To give a concrete example, supposed you had water at 2 bar coming out of a 3 mm circular nozzle, hitting a wall 3 m away. What would be the pressure on the wall from the water?
I think you would need to work out the area of the water hitting the wall first.
This is a mixed of several complexed problems of nozzle flow, jet flow, and slamming. Your conditions are probably not sufficient to formulate a complete solution without assumptions. But your suggestion "to work out the area of the water hitting the wall first" is actually the right start.

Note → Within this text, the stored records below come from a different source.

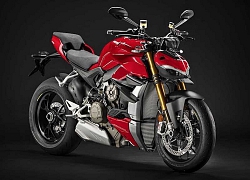 Sau Streetfighter V4, Ducati đang "âm mưu" tạo ra Streetfighter V2 "giá mềm" dựa trên Panigale V2?!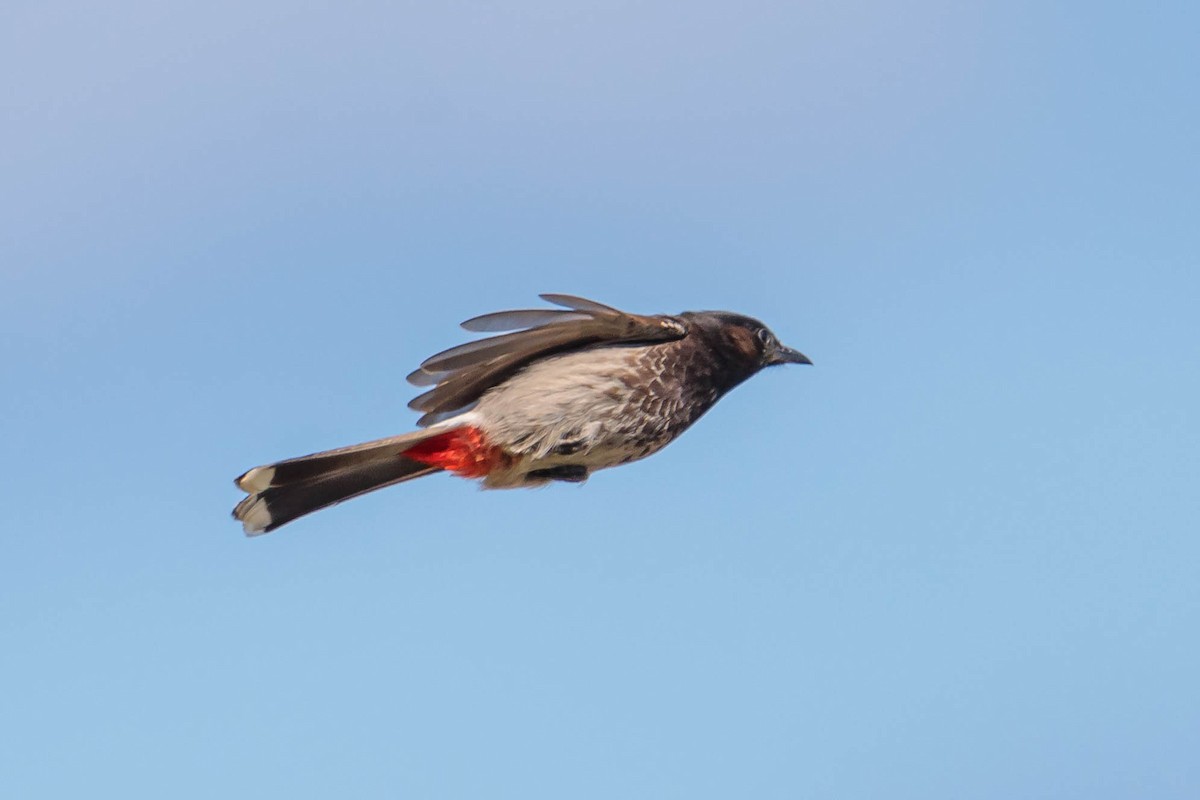 Red-vented Bulbul - ML326119911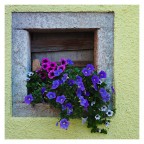 Finestrella fiorita Finestrella fiorita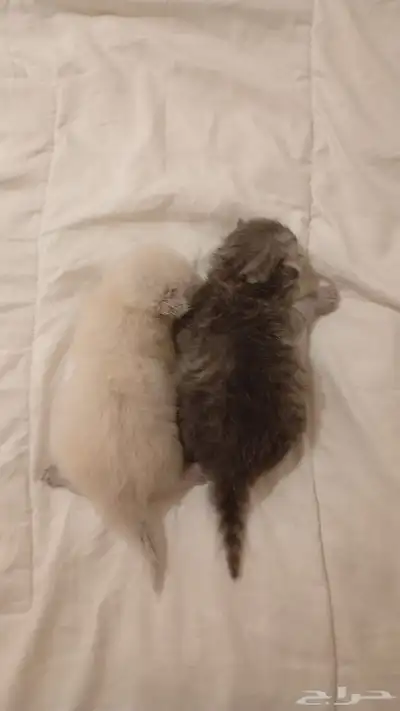 قط انثى ذكر هملايا بيور للبيع index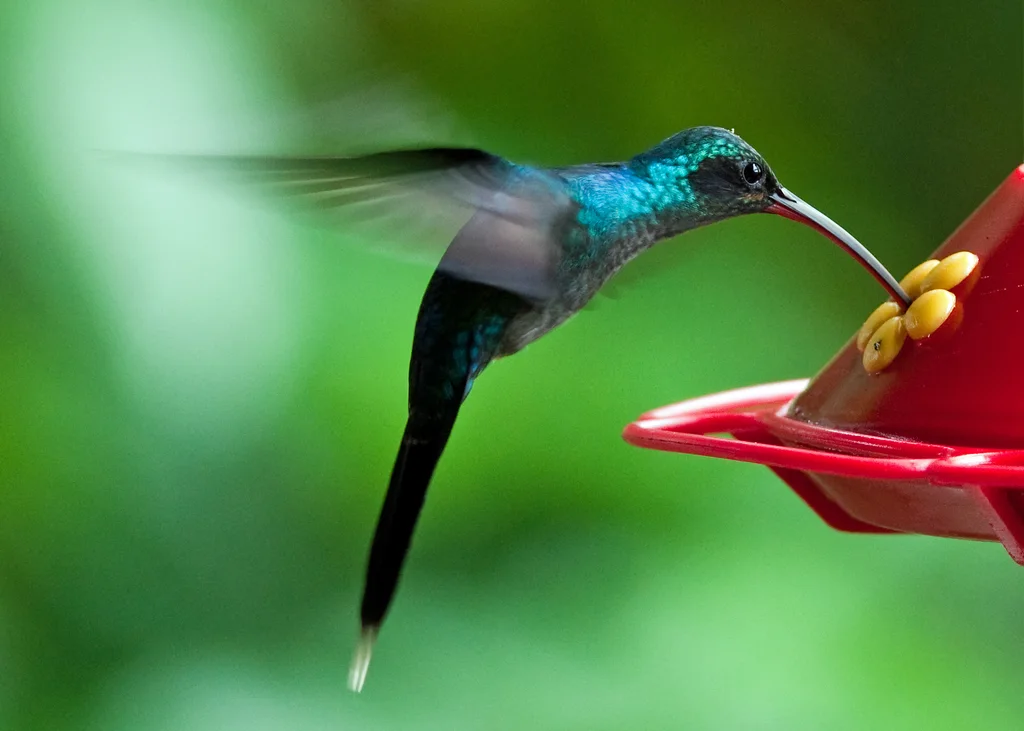 绿隐蜂鸟(Phaethornis guy)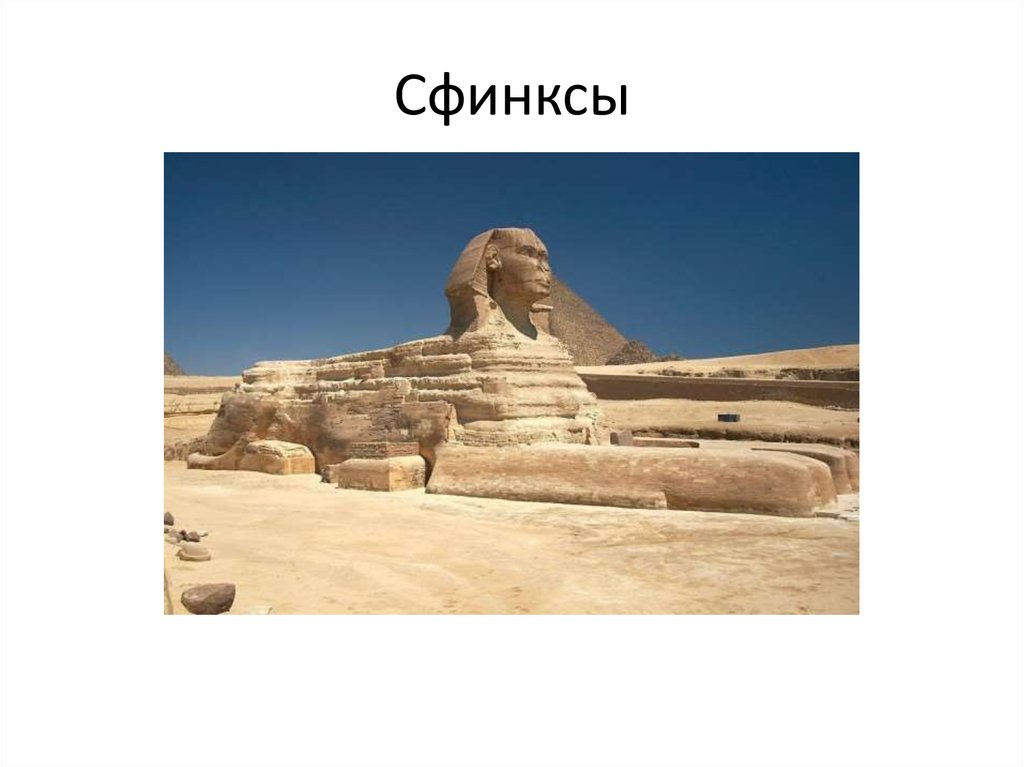 Сфинксы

Let assume the emitting velocity at the nozzle ($x=0$) is $u_0$, so the momentum at the cut is $J=\rho\pi r^2u_0^2$. Note that the pressure at the edge of the nozzle is atmospheric pressure (not 2 bars). At the distance $x\rightarrow\infty$ from the mouth, the velocity distribution can be expressed in a similarity solution $u(y/x)=u_{max}/\cosh^2(f(y/x))$, with the $u_{max}$ the maximum velocity at the center of the cut and can be stated as $$u_{max}=(\frac{2J^2}{32\rho^2\nu})^{1/3}x^{-1/3}$$ Ref. Boundary Layer Theory-Schlichting and Fluid Mechanics-KUNDU.
Is this velocity you are looking for?
Then for the pressure, by neglecting the tangential component of the jet flow, the slamming pressure on the wall can be estimated as $1/2\rho C_su^2$, with $C_s\approx5.15$ from DNV-RP-C205.